Friday 18 March 2016

Leaning Into Lent: Day 33—Monkey Mind

Passiontide Morning Prayer includes A Song of Lamentation (a canticle from Lamentations 1) which goes like this:
1 Is it nothing to you, all you who pass by? •
Look and see if there is any sorrow like my sorrow,
2 Which was brought upon me, •
which the Lord inflicted
on the day of his fierce anger.
3 For these things I weep;
my eyes flow with tears; •
for a comforter is far from me,
one to revive my courage.
4 Remember my affliction and my bitterness, •
the wormwood and the gall!
5But this I call to mind, •
and therefore I have hope.
Observing a Holy Lent is a disciplined calling to mind of Jesus, all that he has done and still wishes to do through me. The important thing is to let Jesus do the talking.

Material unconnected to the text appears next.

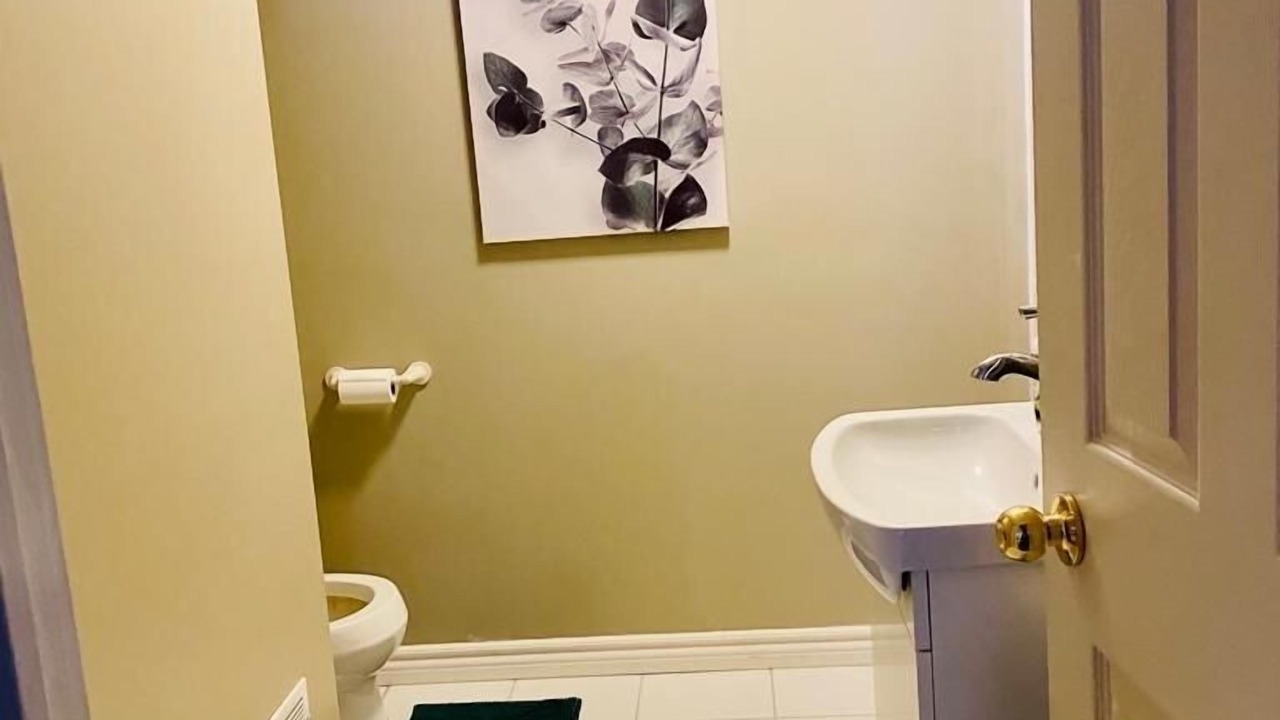 Photo of Bathroom in Crowes Landing
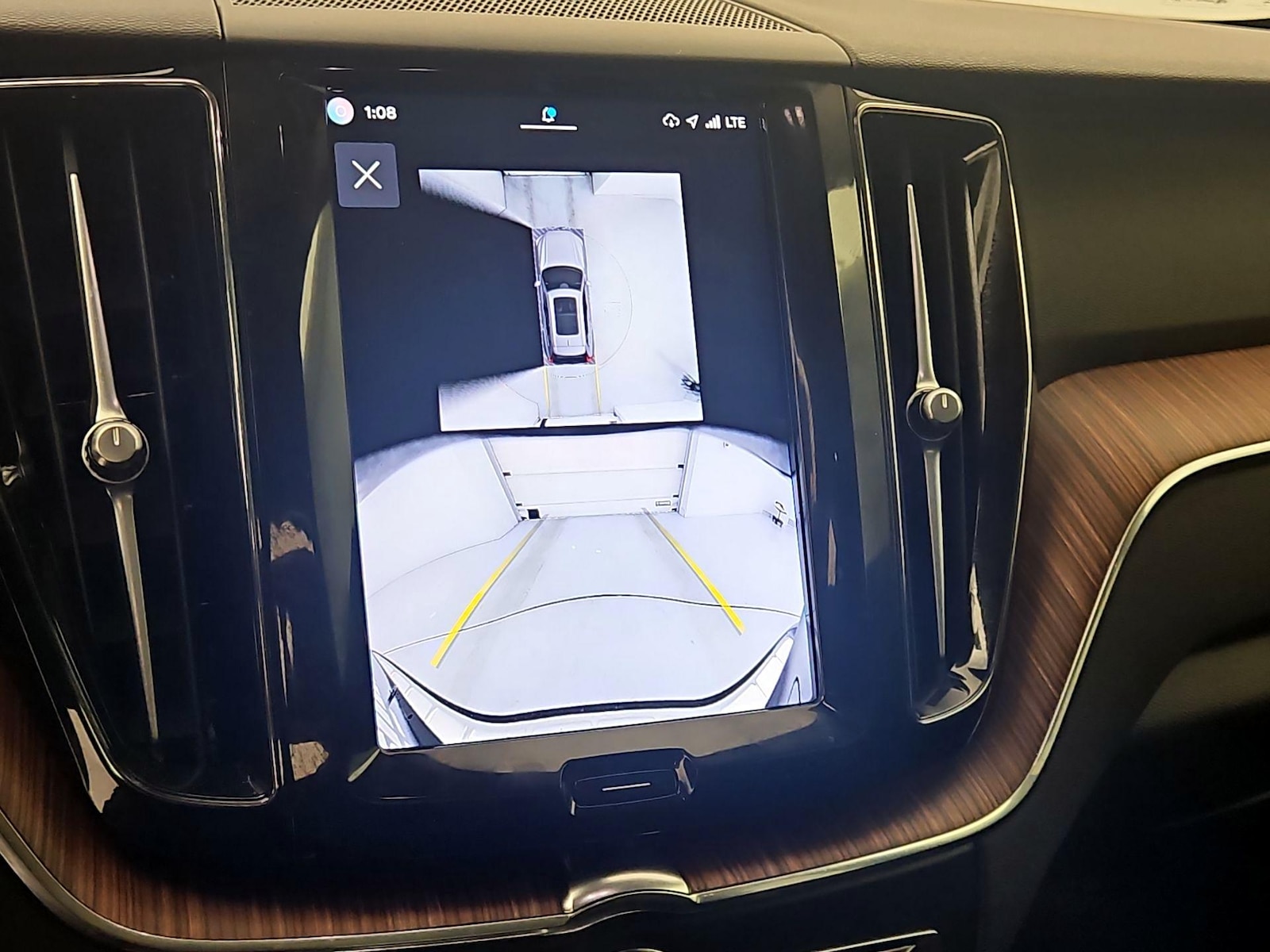 2024 Volvo XC60 Plus - Photo 16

Yesterday, I referred to Jesus taking the disciples “aside” (from Mt 20.17—the Gospel reading in the St James Devotional Guide) to talk to them on the way to Jerusalem and the cross. I call Jesus to mind, Jesus takes me aside, as he did the disciples, and speaks to me through the spiritual disciplines.

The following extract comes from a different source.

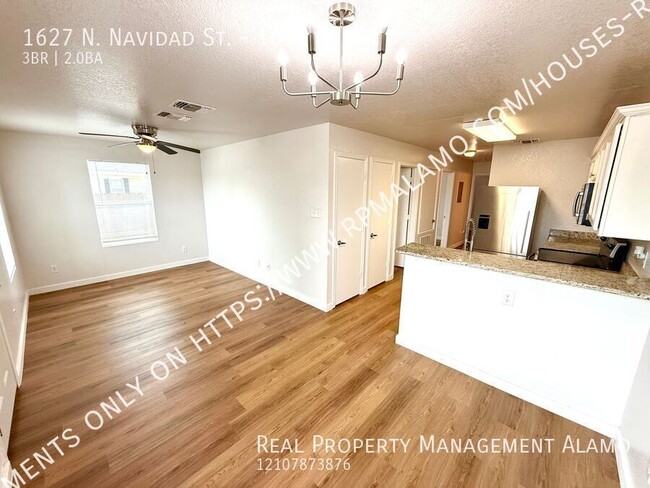 Building Photo - 1627 N Navidad St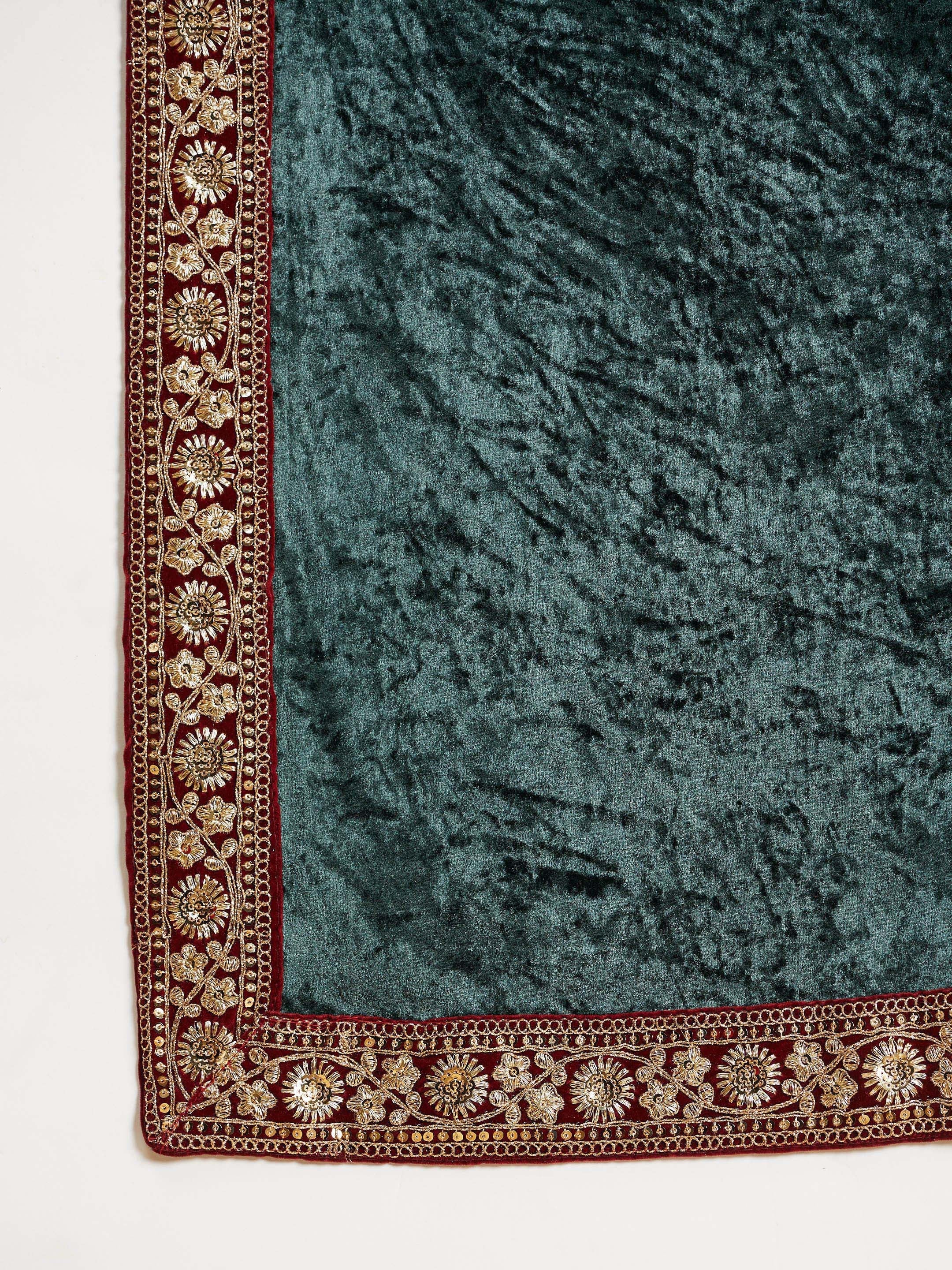 Women's Emerald Velvet Lace Detail Dushala - Lyush – Trendia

The trouble is, I have hearing Jesus problems. My motives are in a tangle. Having called Jesus, my mind has a tendency to move on to other things. Mine is a “monkey mind” swinging hither and yon, hooting and in constant motion.


Or, I might even have the temerity to call Jesus aside to tell him what I think needs doing. Peter did that once. It didn’t turn out well (Mt 16.22-23).

Scripture, the Daily Prayer liturgies and fasting hunger pangs all call my attention back to what Jesus is saying, if he chooses to say anything. Most days there is a word, a phrase or a verse which lights up. Sometimes he seems silent. No matter. My job is to keep listening and watching. I’d hate to miss it when he does decide to speak.